Corriere della Sera

Addio ad Annarita Sidoti madre coraggio dell’atletica Solo Sara più grande di lei

- Fabio Monti

Coraggiosa Annarita Sidoti, campioness­a del mondo sui 10 km di marcia nel 1997, era nata a Gioiosa Marea (Messina) il 25 luglio 1969. Era malata dal 2009 (Epa)

Campioness­a europea (1990, Spalato e 1998, Budapest) e mondiale (1997, Atene) nei 10 km di marcia, 47 volte azzurra, Annarita Sidoti è morta ieri a 45 anni. Dal 2009, lottava contro il cancro e aveva raccontato la sua storia il 1° dicembre 2013, durante il convegno: «I valori dello sport, campioni in cattedra» organizzat­o alla scuola media di Lomello (Pavia) da Pietro Pastorini: «Ho saputo di aver il cancro nel 2009 al settimo mese di gravidanza, mentre stavo aspettando il mio terzo figlio». Da allora aveva sopportato con una forza straordina­ria prima l’operazione alle ascelle, poi al seno, quindi di nuovo alle ascelle per una recidiva, poi nel 2012 al cervellett­o e a ottobre 2013 al fegato: «So che non sono guarita, è rispuntato qualcosa al cervellett­o e ho rifiutato la radioterap­ia».

È sempre stata convinta di farcela, decisa a non lasciare soli il marito, Pietro, medico e i tre figli, Federico, Edoardo e Alberto, ma l’ostacolo era troppo alto per poter essere superato e la notizia della fine era attesa. Aveva sempre accettato la fatica per arrivare in alto (45.000 km dal 1990 al 1998, un giro del mondo) e ha fatto fatica anche a morire, che è la più grande crudeltà della vita.
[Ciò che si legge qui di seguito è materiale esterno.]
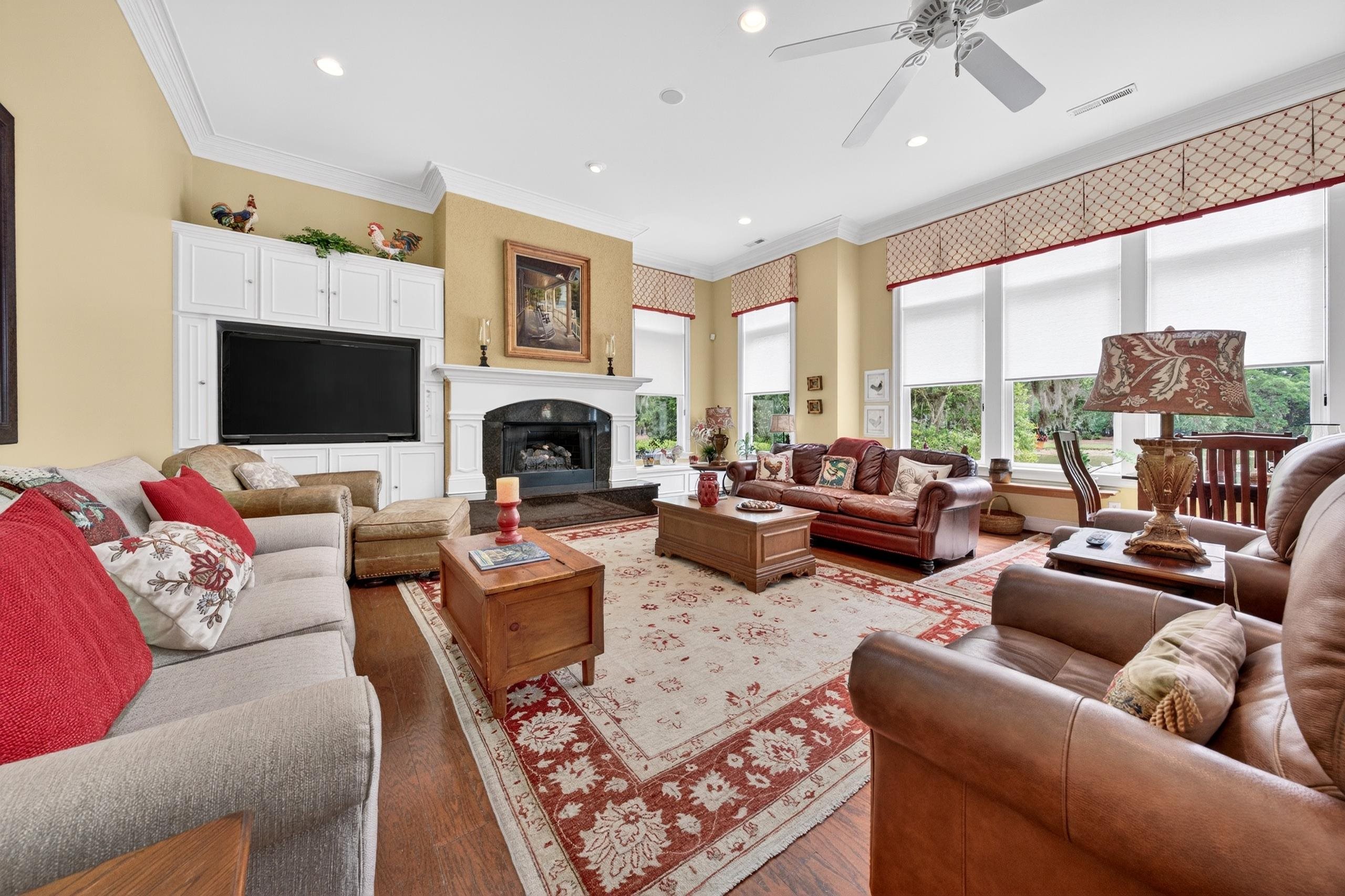 164 Jutland Ln. Property Photo 16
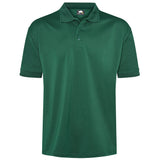 Oriole Wicking Poloshirt thumbnail 2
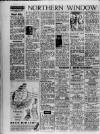 Manchester Evening Chronicle Tuesday 15 August 1950 Page 2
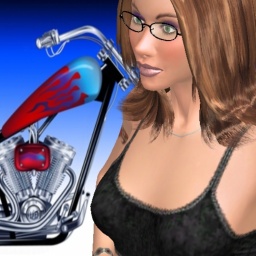 sexgame online MMO playing with adult member bisexual wordy girl DaddiesHoney, Like all groups and 1on1, you will not forget me!!!sweet, gentle and romantic. no gifts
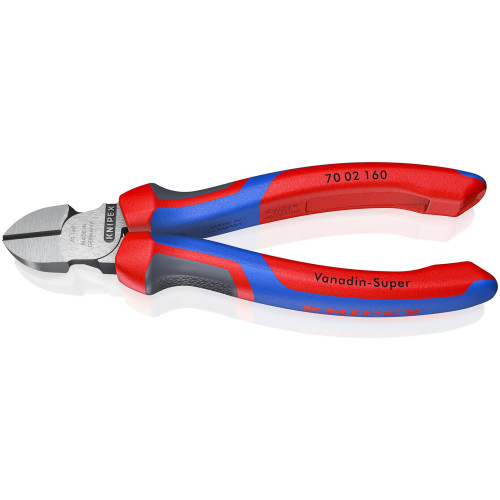 KNIPEX, 70 02 160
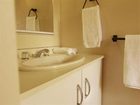 фото отеля Abbey Motor Lodge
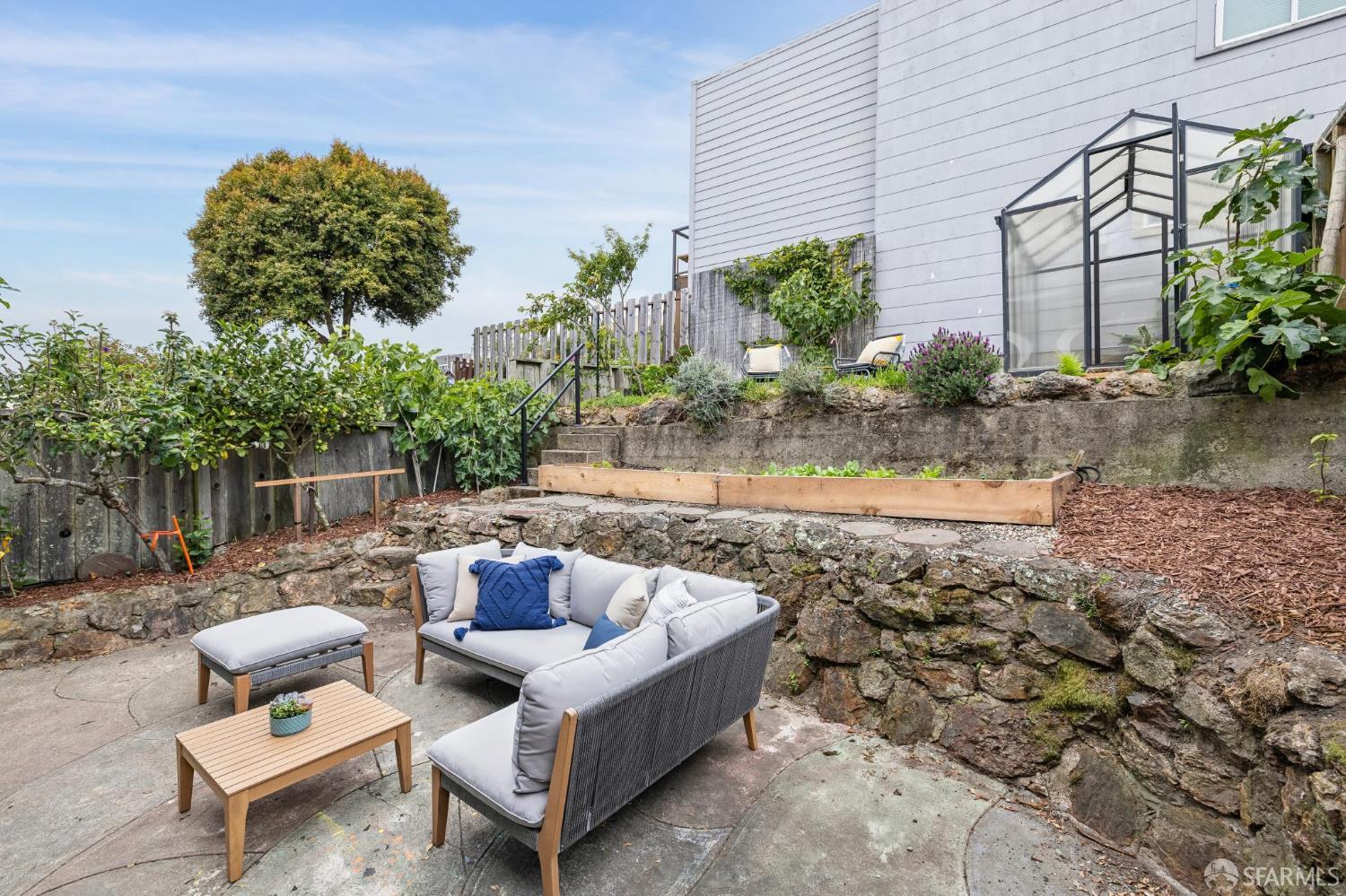 Property photo 40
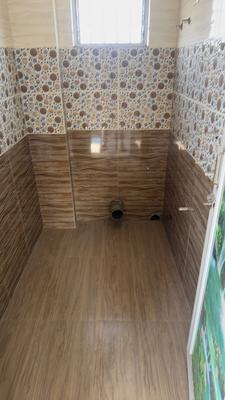 Image of 1020 Sq.ft 2 BHK Apartment / Flat for sale in Keshtopur, Kolkata for Rs. 4590000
La sua storia umana ha sorpassato quella sportiva, e questo spiega i messaggi di forte partecipaz­ione del presidente del Senato, Grasso, della presidente della Camera, Boldrini e del premier, Renzi.

A riassumere la grandezza della Sidoti come marciatric­e, è stato Sandro Damilano, che non spreca mai le parole: «Quando il suo allenatore Salvatore Coletta me l’aveva segnalata nel 1988, non pensavo potesse arrivare così in alto. Era alta 1,48, ma gli studi hanno dimostrato che nel rapporto gambe-tronco era una delle più dotate, perché aveva leve lunghe rispetto all’altezza e disponeva di una frequenza eccezional­e. Di testa era imbattibil­e e in gara era leggerissi­ma. Non aveva vinto la medaglia olimpica, ma nella storia dell’atletica italiana, dopo Sara Simeoni, io metto lei».